The following letter was sent to the editors of the Wall Street Journal in response to a March 13th opinion piece by Stephen Moore and Louis Woodhill entitled “The Fed is a Threat to Growth.”
To the editor,
While we at Cato hardly qualify as apologists for the Fed, I can’t resist defending it from Stephen Moore’s sensational claim (“The Fed is a Threat to Growth,” March 14) that its “deflationary” policies have “chopped 1 to 1.5 percentage points off real growth over the past six months.”
“Deflation,” first of all, means an absolute decline in prices, and not merely a decline in the rate at which prices increase. And notwithstanding Mr. Moore’s assertion that “the consumer-price index has been remarkably flat or slightly negative,” neither the CPI nor any other popular price index has actually declined in during the last six months.
What’s more, again contrary to Mr. Moore’s claims, “core” inflation rate measures, which exclude energy and food prices and are, for that reason, less volatile and more reliable inflation measures, have been both remarkably stable and very close to the Fed’s two percent target over the last six months—and longer. The core CPI rate has actually remained slightly above two percent, while the core PCE (Personal Consumption Expenditures) rate, the Fed’s preferred measure, has hovered just an insignificant smidgen below it. And while Mr. Moore may believe that the especially volatile commodity prices excluded from these core inflation rates are in fact the best indicators of the Fed’s stance, his opinion is sui generis, notwithstanding his utterly fanciful claim that Paul Volcker favored a commodity-price target.

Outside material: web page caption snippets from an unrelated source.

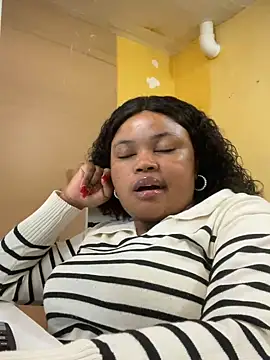 Curveysinaa online show from 03/05/25, 08:10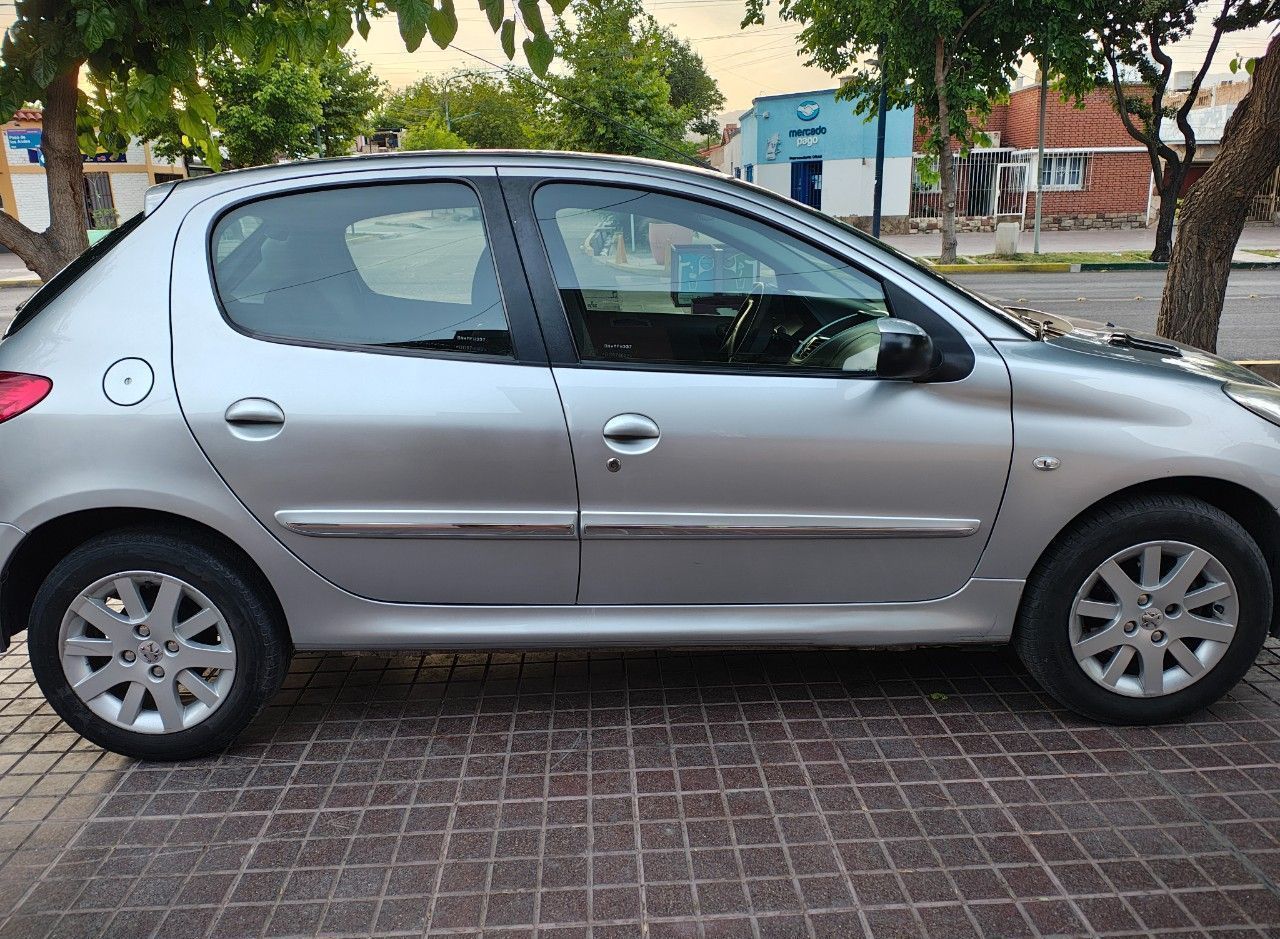 Peugeot 207 Usado en Mendoza, deRuedas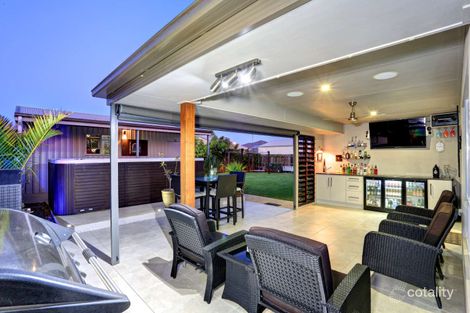 Property photo of 18 Wedgeleaf Place Ashfield QLD 4670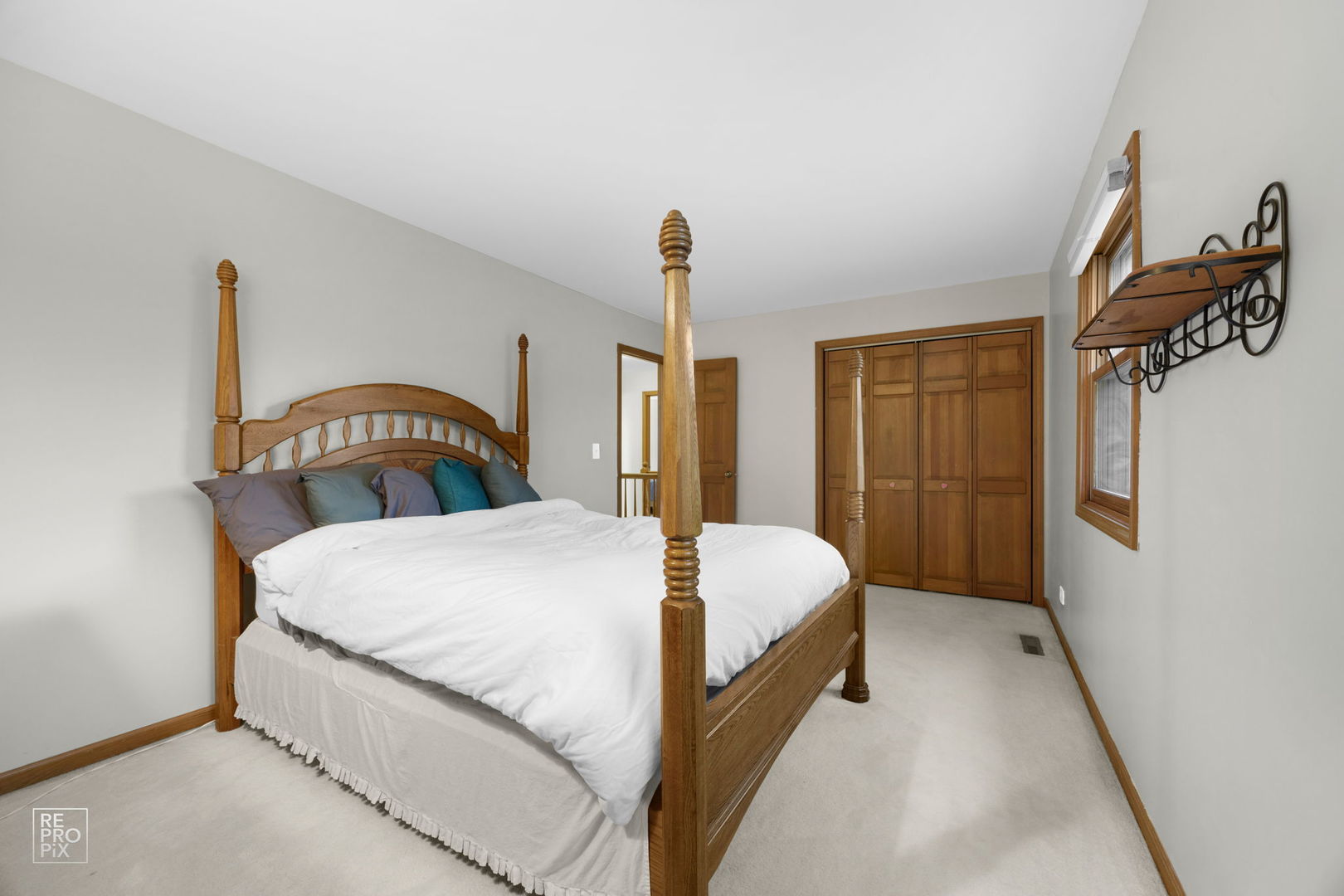 4n535 Foxfield Drive Property Photo 19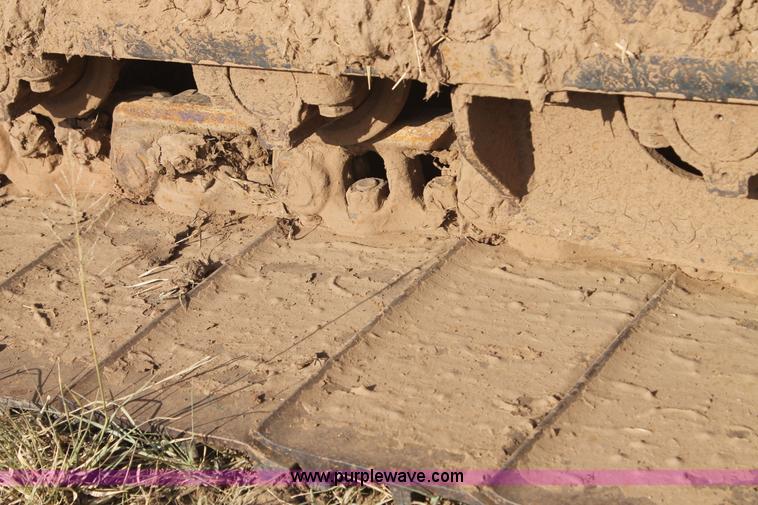 image for item G5799 2002 Case CX240 excavator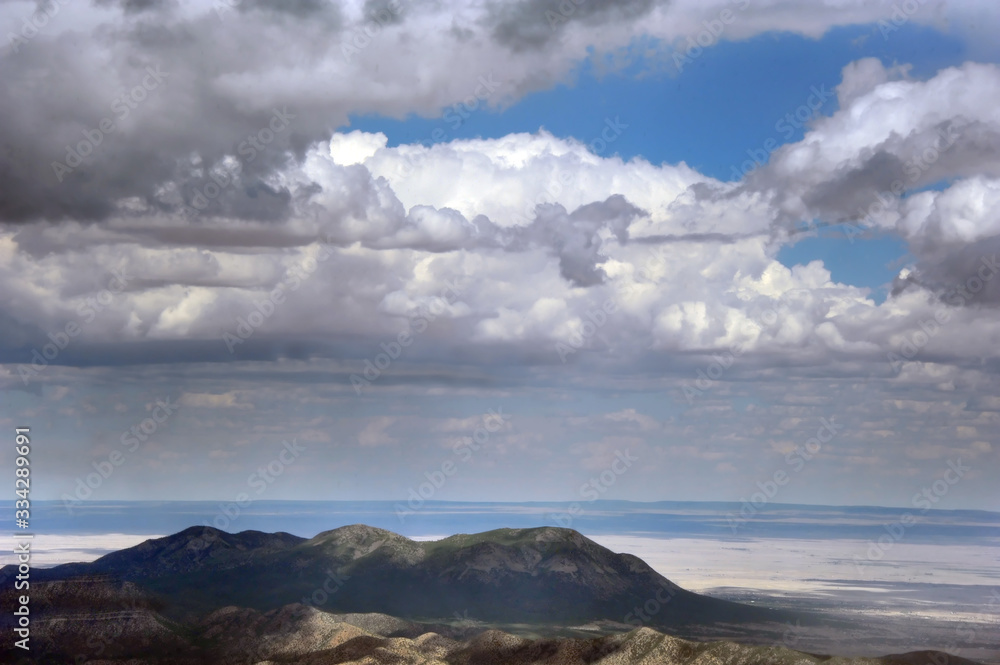 Bad weather approaches Crest from the East Bad weather approaches Crest from the East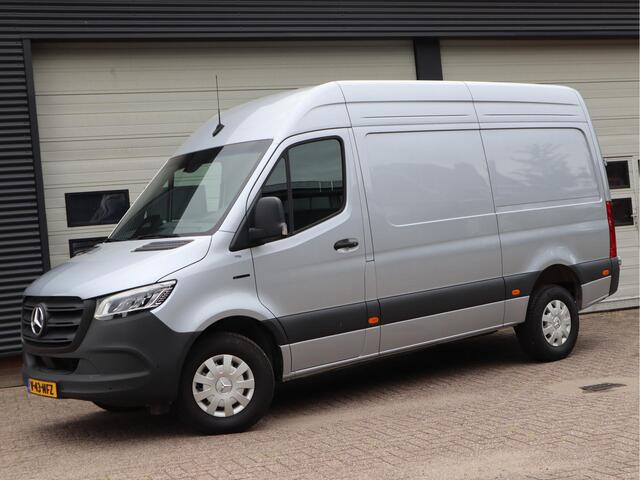 Mercedes-Benz eSprinter 314 56 kWh L2H2 RWD - New Model - LED - Winter pakket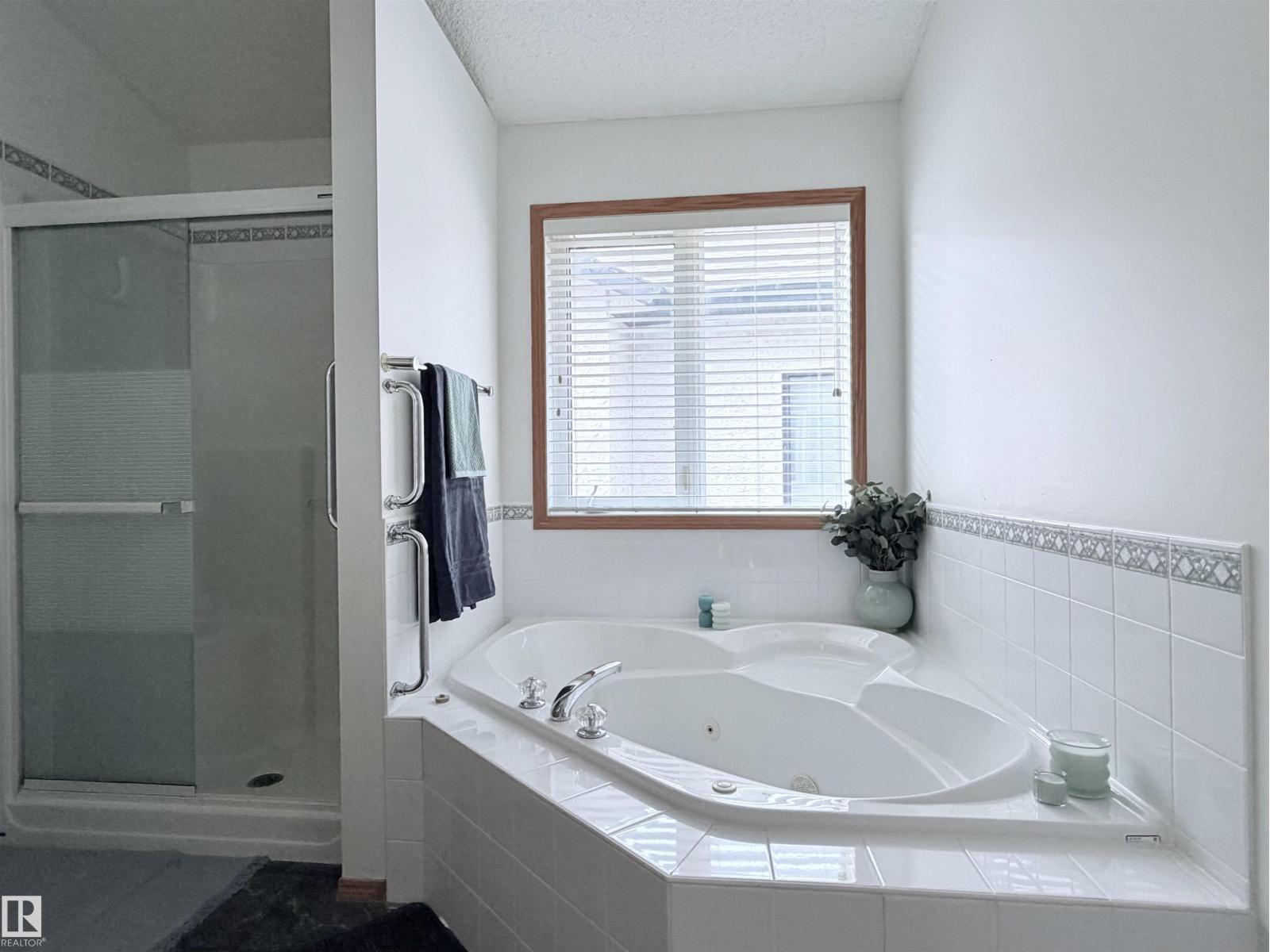 16203 89 ST NW - 40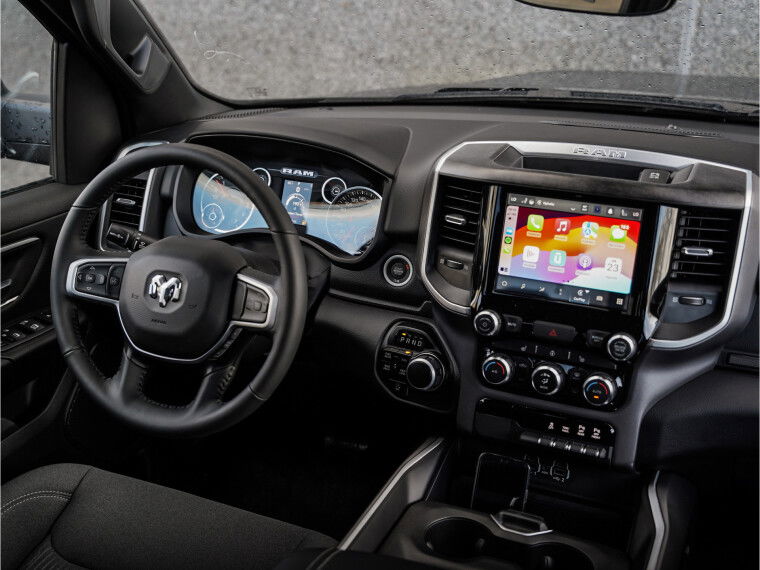 Zwarte hemelbekleding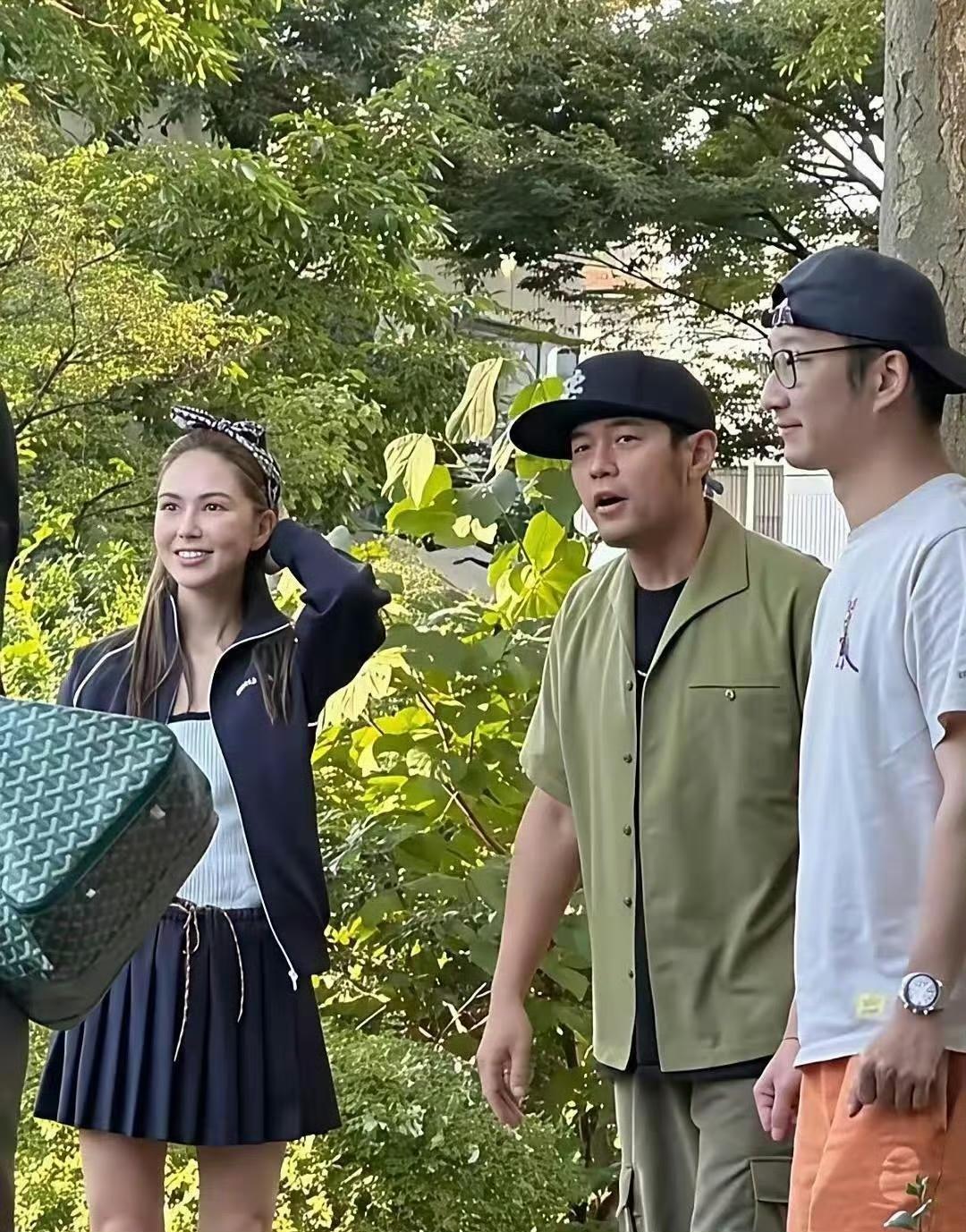 说实话，看着他俩现在的照片，确实挺扎眼的。周董这些年发福明显，加上旧伤缠身，整个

Finally, besides inflation measures there is another, still more reliable gauge of the stance of monetary policy: the rate of change in total consumer spending on goods and services, as measured by the economies nominal GDP growth rate. That rate has been rising steadily since 2016, and has been somewhat above the robust value of 5% since mid-2018.
Sincerely,
George Selgin
Director, Center for Monetary and Financial Alternatives
The Cato Institute, Washington, D.C.